In the music world, legends are few and far between and they're all slowly departing from this world. I feel that the most commercial ones (Michael Jackson, Amy Winehouse etc) get more prevalence in terms of news coverage and tributes whilst the lesser known ones (Jimmy Castor, Johnny Otis etc) and their reputations are talked about in silence. People should be treated as equals, we should be able to tell their story and let their achievements do the talking. It's about the mark they left on people around them, that's what they should be remembered for.
It's a shame that as a music artist, your death can sometimes give you more wealth than you ever had when you were living. Posthumous albums, album re-release packages, unreleased never-heard-before material and the like make this all a reality nowadays.
In the case of Aaliyah, although she was very well-known in the R&B circles and had major hits in that genre - it took her last album release to catapult her into the mainstream eyes. It was her biggest selling album to date (released a few months before her passing). In the UK, she obtained her first UK No.1 with More Than A Woman after her death. Globally, people bought the album in the bucketloads. Her talent was never appreciated like that when she was alive. People jumped on the bandwagon to celebrate her talent and what she did for R&B (once they were forced to do their research and appreciate her past hits).

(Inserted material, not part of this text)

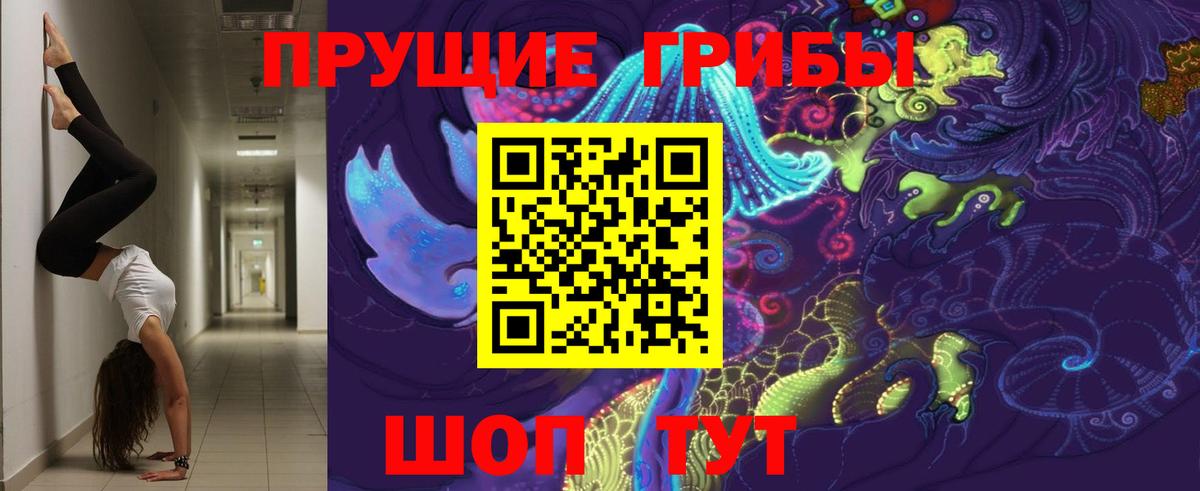 Псилоцибиновые грибы мицелий Унеча
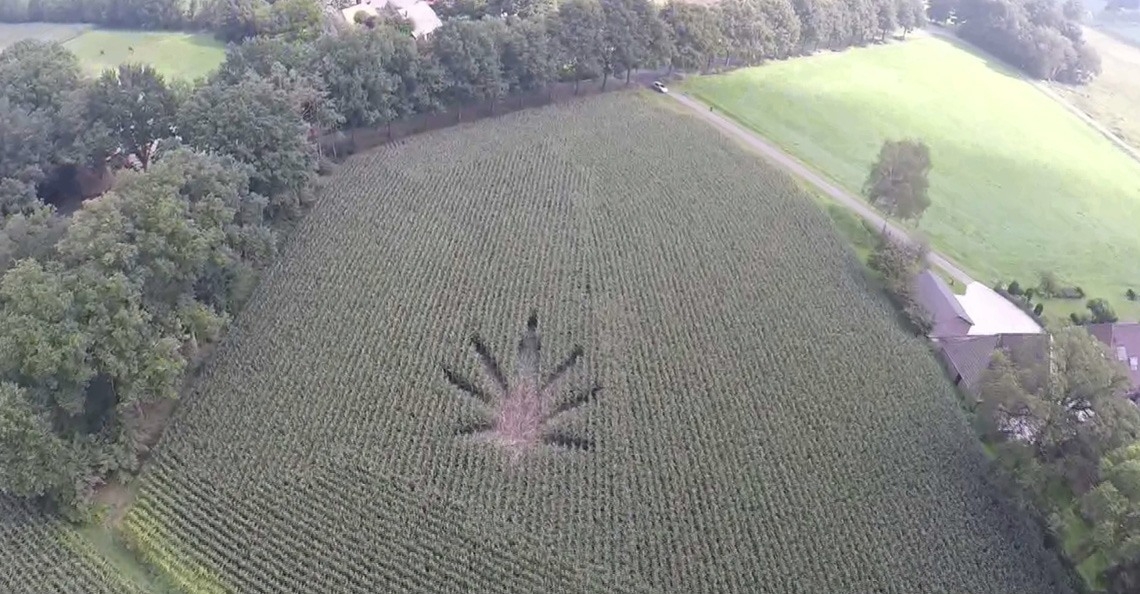 ChristenUnie Gelderland wil drones inzetten tegen hennepteelt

"If you admire somebody, you should go 'head tell 'em. People never get the flowers while they can still smell 'em" - Kanye West, Big Brother
I think it's sad that in this day and age, we glorify the non-talented and brush over the talented and even legendary people; just because we find it convenient in terms of the celebrity culture we've created. We are so quick to label the next legend even though they may not have earned that right yet through their achievements and successes. What irks me is we're obsessed with artists like Flo Rida and glorify his lyrics. Yet in his recent UK hit Good Feeling he samples a sample from Avicii's song Levels which was a sample itself from Etta James' original hit Something's Got a Hold On Me. Shouldn't we be glorifying Etta's original vocal effort instead? What's the basis?
I encounter truly remarkable people in my life on a daily basis, people that inspire me with their values, morals and beliefs. People who always go the extra mile in everything they do, good people. They're talented and hard-working people. These people are the ones I really appreciate, yet will they ever get the plaudits they deserve? Possibly not.
Let's start off by appreciating the people in our lives before it's too late.